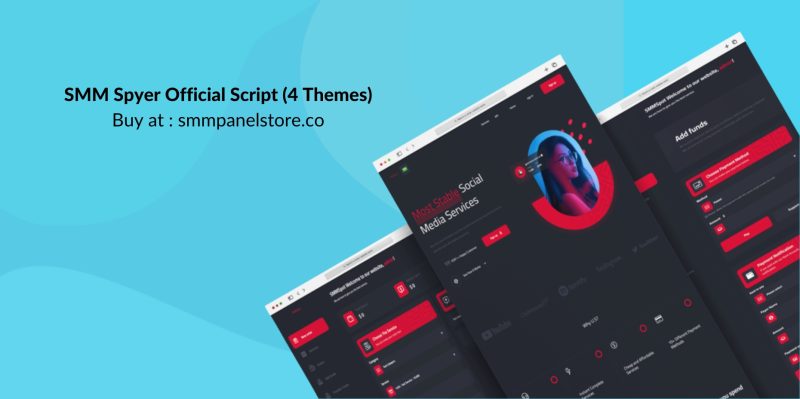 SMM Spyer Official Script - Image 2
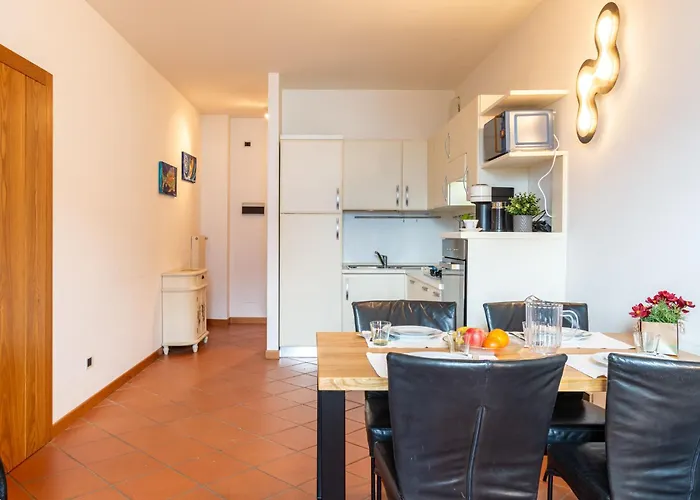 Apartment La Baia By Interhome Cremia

...

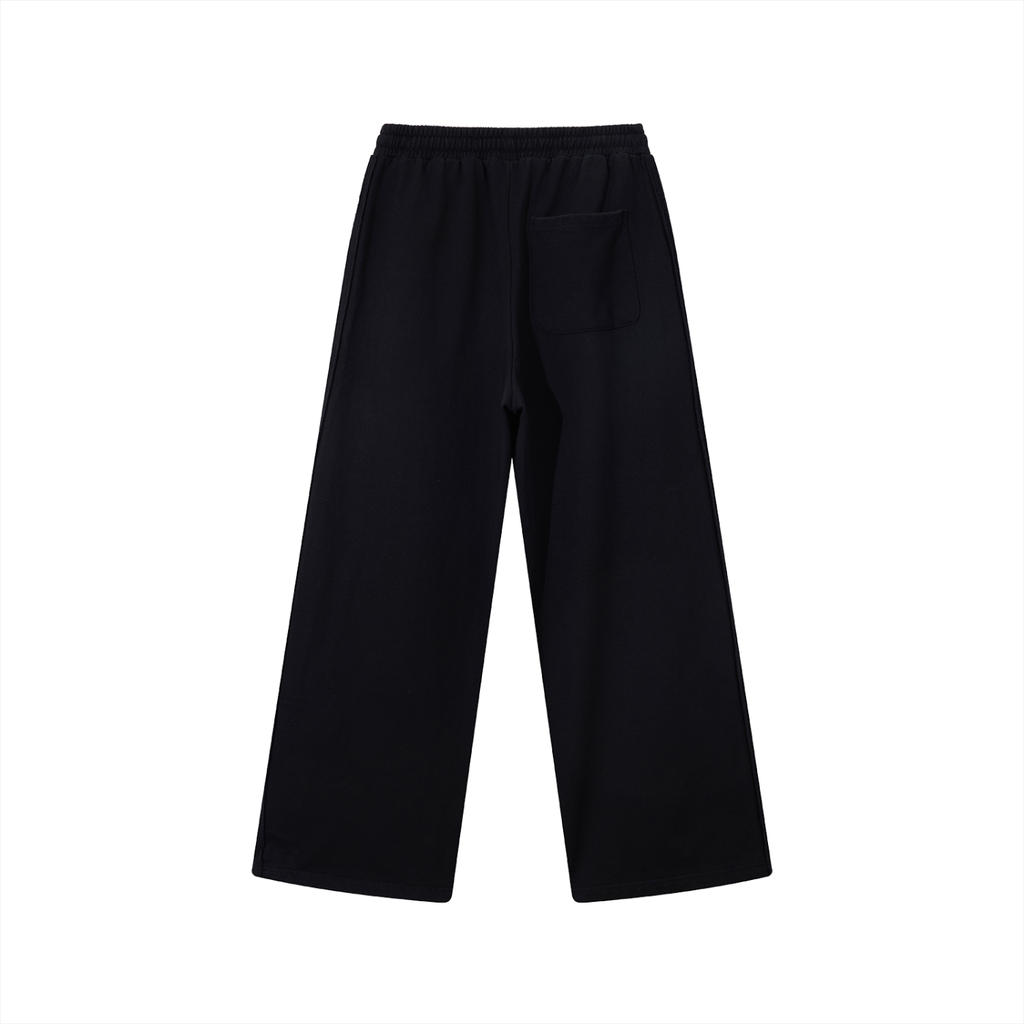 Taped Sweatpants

▶ _What is expected_: Everything above from the line with "SMM Spyer Official Script - Image 2" through the line with "Apartment La Baia By Interhome Cremia" should be retyped exactly, and nothing else; omit pictures.

▶ _Response area_:
 SMM Spyer Official Script - Image 2
 Apartment La Baia By Interhome Cremia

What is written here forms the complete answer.